What to do >> Line by line, output everything from the one that contains "2 Pcs Garden" through the end of the material below, exactly as written and with no pictures.

Exercise data >>
--- START ---

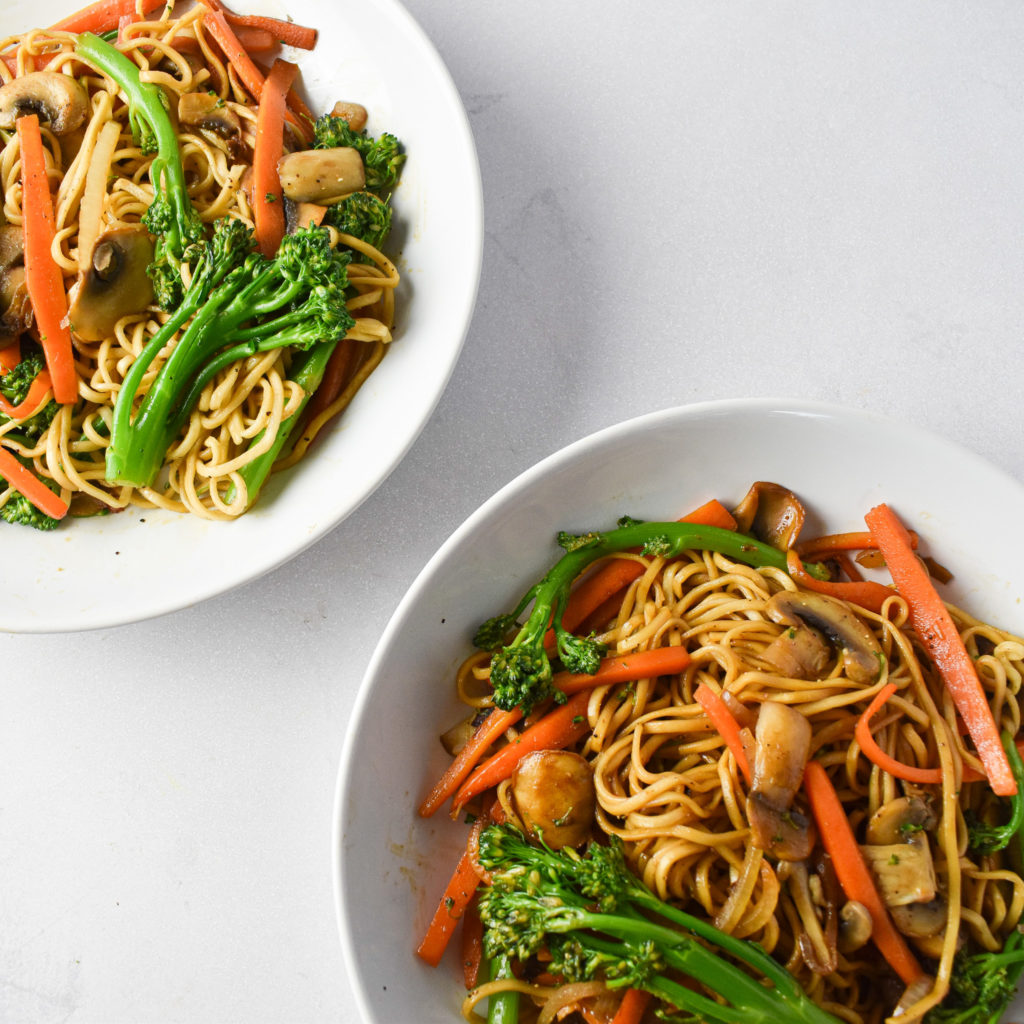 vegetable stir fry noodles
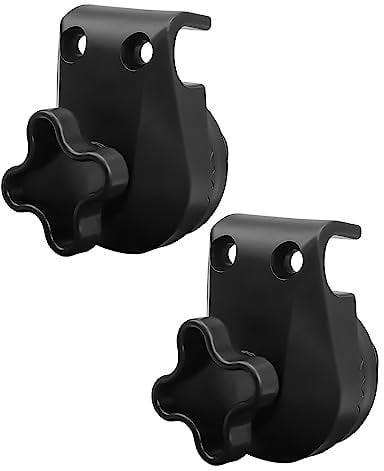 2 Pcs Garden Swing Plastic Fittings, Swing Frame Plastic Fitting to Attach Canopy Frame to Swing Frame, Match Diameter 20-23mm Swing Chair Frame Interface, Type A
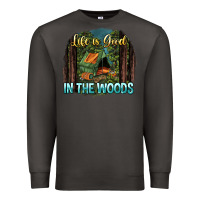 Smoke life is good in the woods Premium Sweatshirt - NancyCooperArtShop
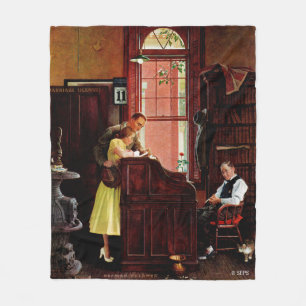 Ehefähigkeitszeugnis durch Norman Rockwell Fleecedecke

--- END ---

Result >>
 2 Pcs Garden Swing Plastic Fittings, Swing Frame Plastic Fitting to Attach Canopy Frame to Swing Frame, Match Diameter 20-23mm Swing Chair Frame Interface, Type A
 Smoke life is good in the woods Premium Sweatshirt - NancyCooperArtShop
 Ehefähigkeitszeugnis durch Norman Rockwell Fleecedecke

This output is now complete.